Au-delà des particules élémentaires, les «choses» qui constituent
les objets de la science, depuis les molécules jusqu'aux entités les plus
organisées - et les plus éloignées, peut-être en apparence, d'une
caractérisation physicaliste -, sont-elles susceptibles, en principe sinon
de fait, de se voir réduites aux propriétés des entités minimales : les particules
et les forces fondamentales ? Ou bien, faut-il admettre que les
niveaux d'organisation sont irréductibles à ces entités ultimes du
monde, et donc que les transitions de l'inanimé au vivant, et du vivant
au conscient, sont, en principe, inconnaissables ? Ainsi se résument le
réductionnisme et l'émergentisme. Si l'émergentisme a connu un regain
d'intérêt dans les années 1980, notamment avec une classe de doctrines
épistémologiques appelée «matérialisme non réductionniste», le
réductionnisme est encore trop souvent perçu avec suspicion. La réduction
n'étant pas nécessairement l'élimination, il est un réductionnisme
concevable qui n'a certainement pas pour vocation de dénier existence,
autonomie et efficience aux multiples sciences, mais bien plutôt de les
rendre compréhensibles au sein d'un principe d'unité du savoir.
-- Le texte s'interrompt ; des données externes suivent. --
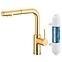 Drezová batéria Duero Pure Basic Light Gold s filtráciou vody výsuvný výtok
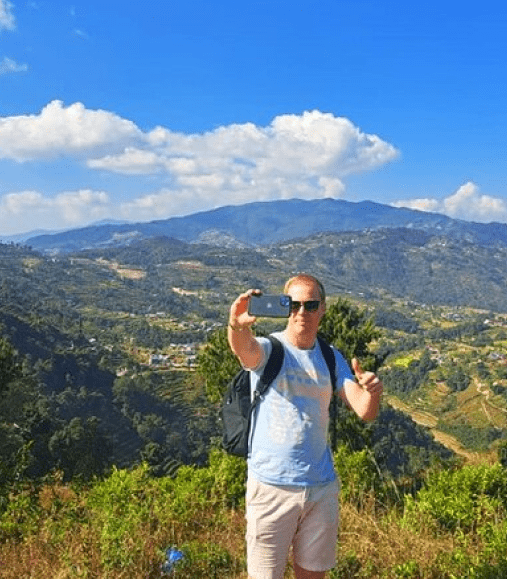 person-travel-mountains-sky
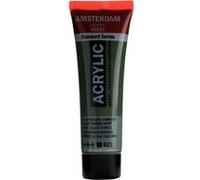 Amsterdam Tube de peinture acrylique Standard Series - Vert olive foncé 622-20 ml - Opaque - Excellente résistance à la lumière - Pigments de haute qualité - Polyvalent - Application lisse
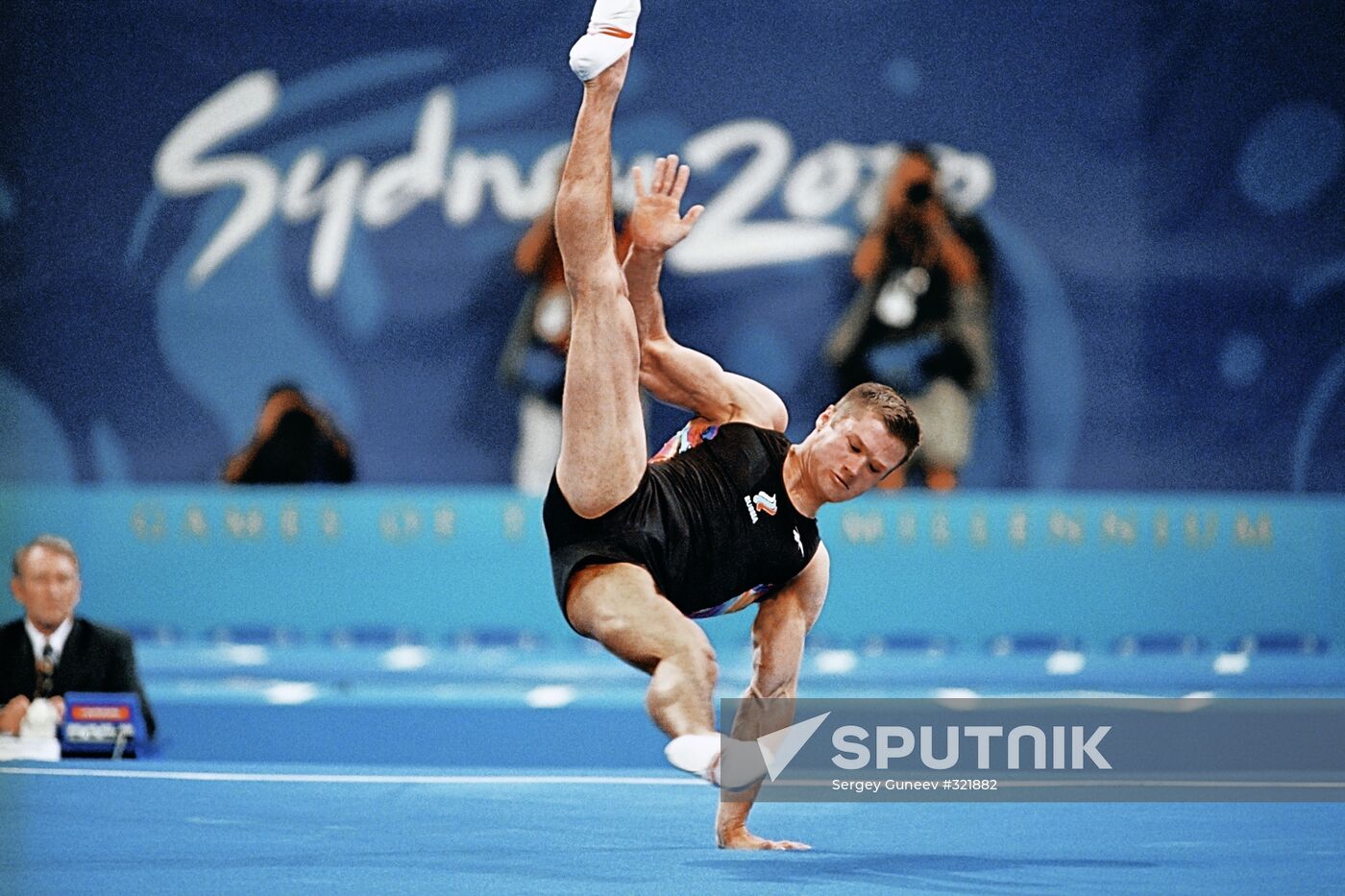 Russian gymnast Aleksei Nemov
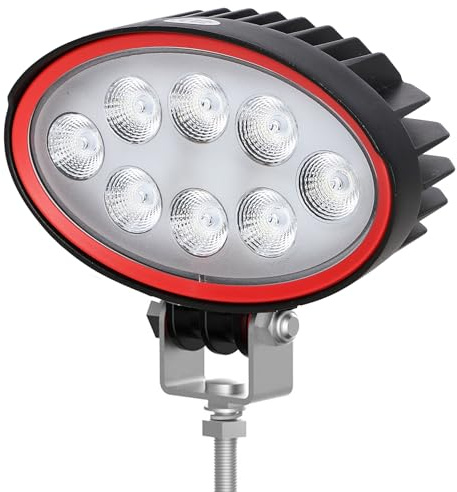 ETUKER 1x LED Arbeitsscheinwerfer 12V 24V 8leds 24w Offroad Scheinwerfer Rückfahrscheinwerfer für Traktor LKW SUV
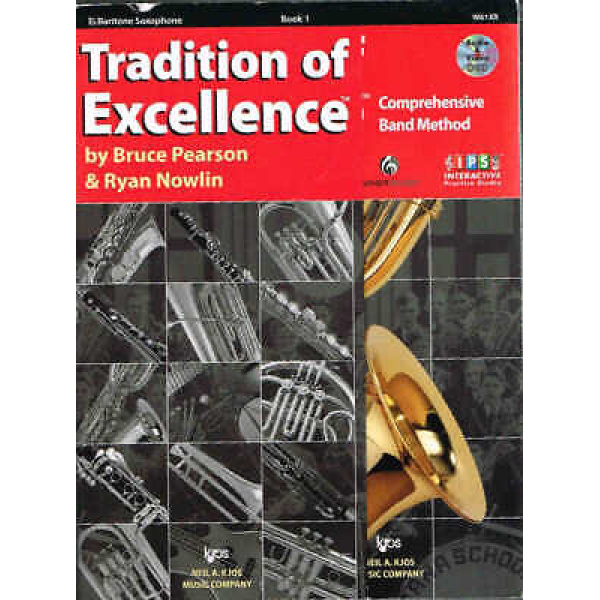 Pre-Owned Tradition of Excellence - Eb Baritone Saxophone - Book 1 - Comprehen..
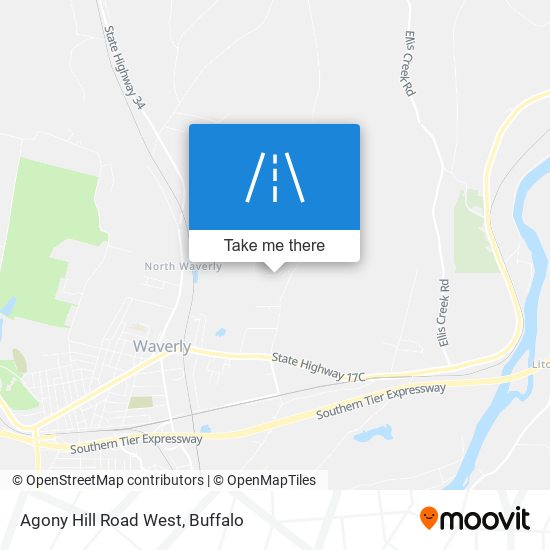 Mapa de Agony Hill Road West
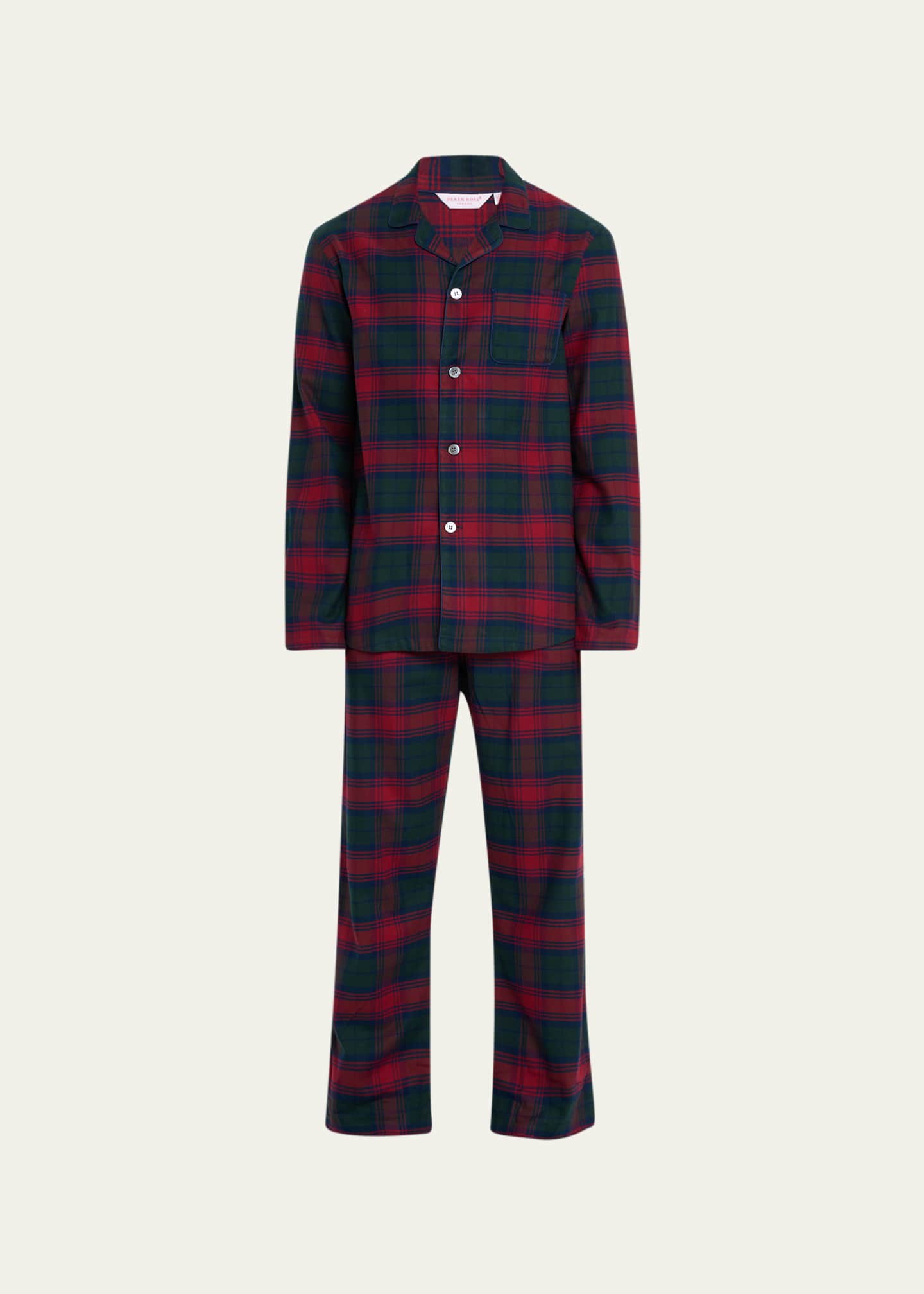 Two Piece Black Pajama Set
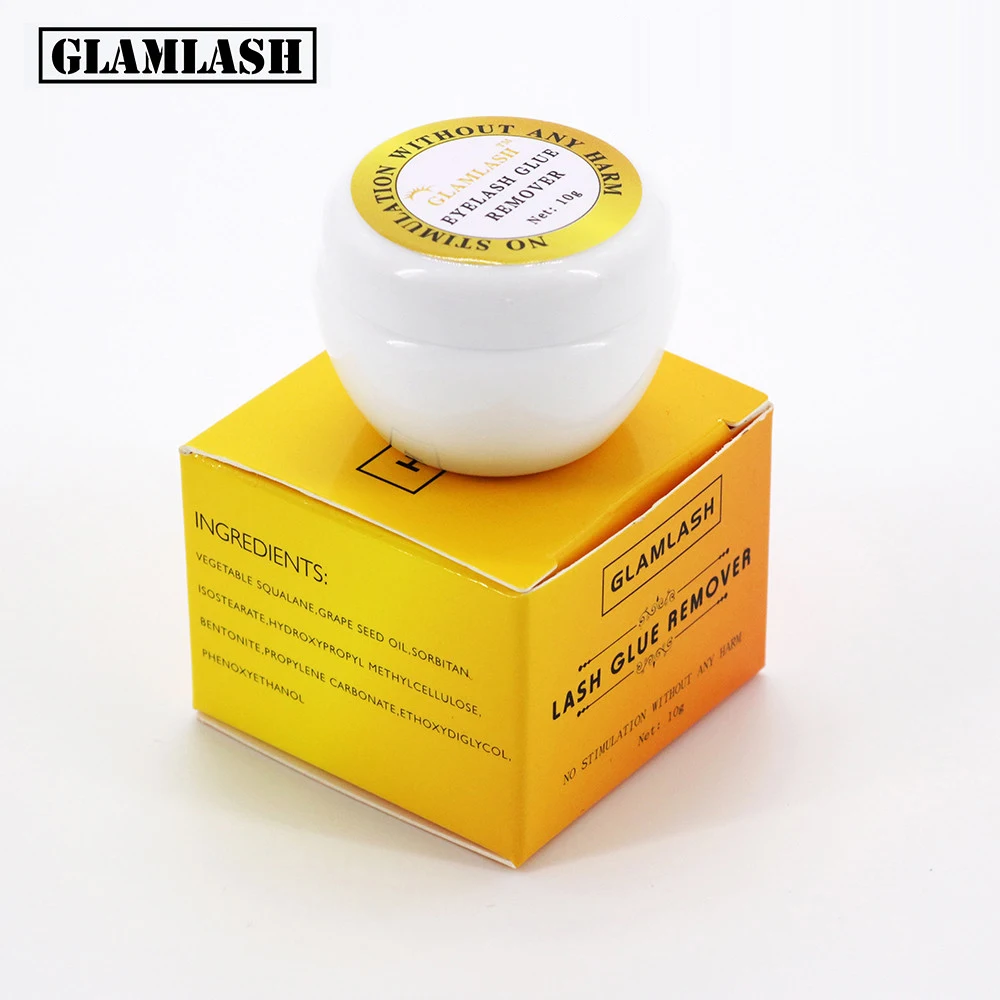 Средство для удаления клея ресниц GLAMLASH быстрое и безопасное средство
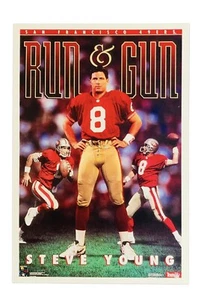 Steve Young 1994 Costacos Run & Gun NFL San Francisco 49ers Postkarte - Bild 1 von 4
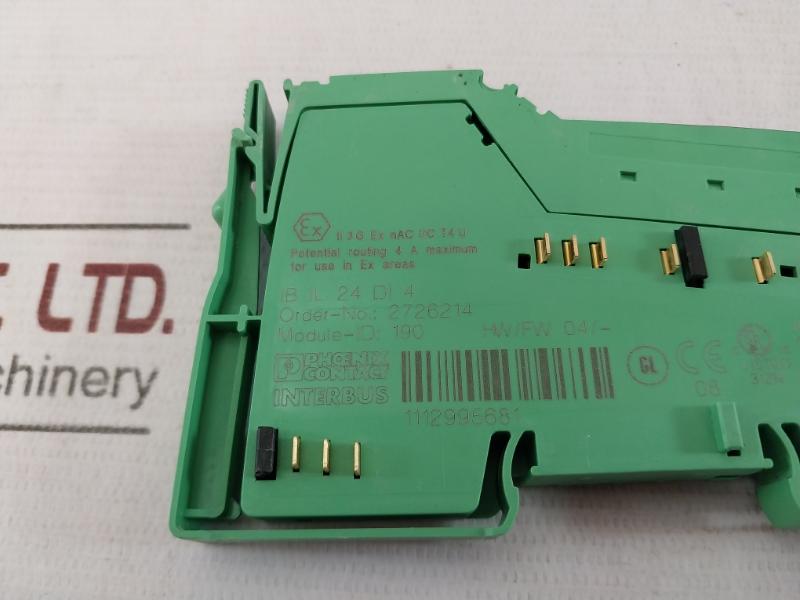 Phoenix Contact Ib Il 24 Di 4 Digital Module Ii 3 G Ex Nac Iic T4 U 60C 4A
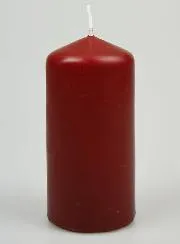 Tabletop Candle 12cm - Burgundy Red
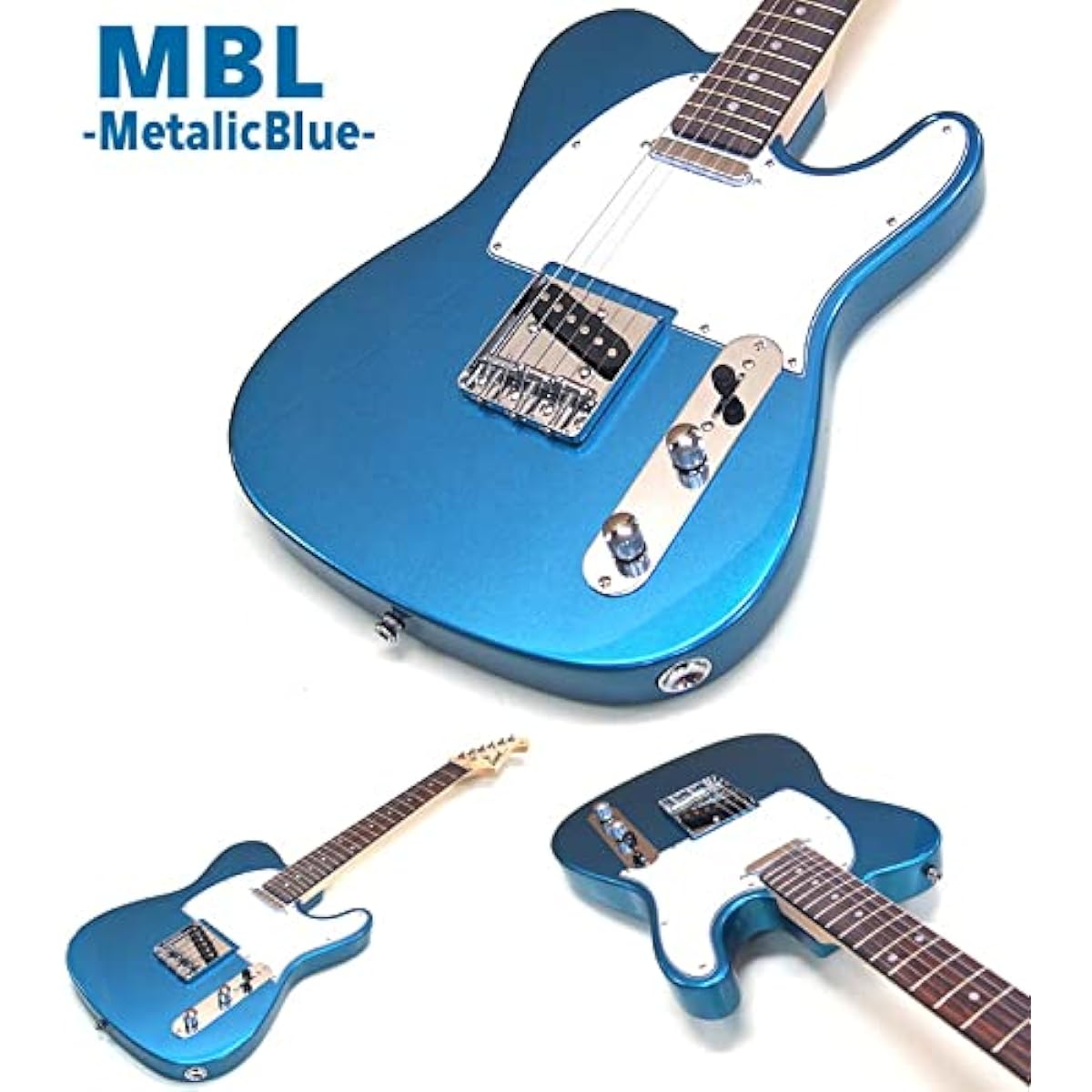 Electric guitar beginner set Telecaster type mini amplifier 9-piece set Legend LTE-Z MBL/R [98765]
Un dossier
de huit contributions (François Athané, Sophie Bary, Mario Bunge,
Édouard Guinet, Thomas Heams, Max Kistler, Bertrand Laforge,
François Pépin, Marc Silberstein) éclaire ces questions, principalement
pour ce qui concerne la biologie et la psychologie.
Par ailleurs, Matière première propose pour la première fois en français
une version intégrale de La Philosophie de Bergson, texte dans
lequel Bertrand Russell, dès 1912, avertissait sur le bergsonisme et le
rangeait sous le registre des philosophies antiphilosophiques, de celles
qui se précipitent dans la béatitude de l'intuition, dans l'éviction du raisonnement
fiable au profit de fatales amphibologies. En guise de
préambule, Jean-Marc Del Percio insiste sur les conséquences idéologiques
et politiques du succès du bergsonisme.
Enfin, on trouvera ici une étude de Pascal Tassy sur Teilhard de
Chardin, subordonnant son travail de scientifique à sa quête
théologique ; démarche dans laquelle on peut voir la préfiguration du
mouvement actuel de l'Intelligent Design. Puis, un article de Cédric
Mulet-Marquis sur le relativisme et le mépris postmoderne de la science,
tels qu'ils se lisent chez Isabelle Stengers.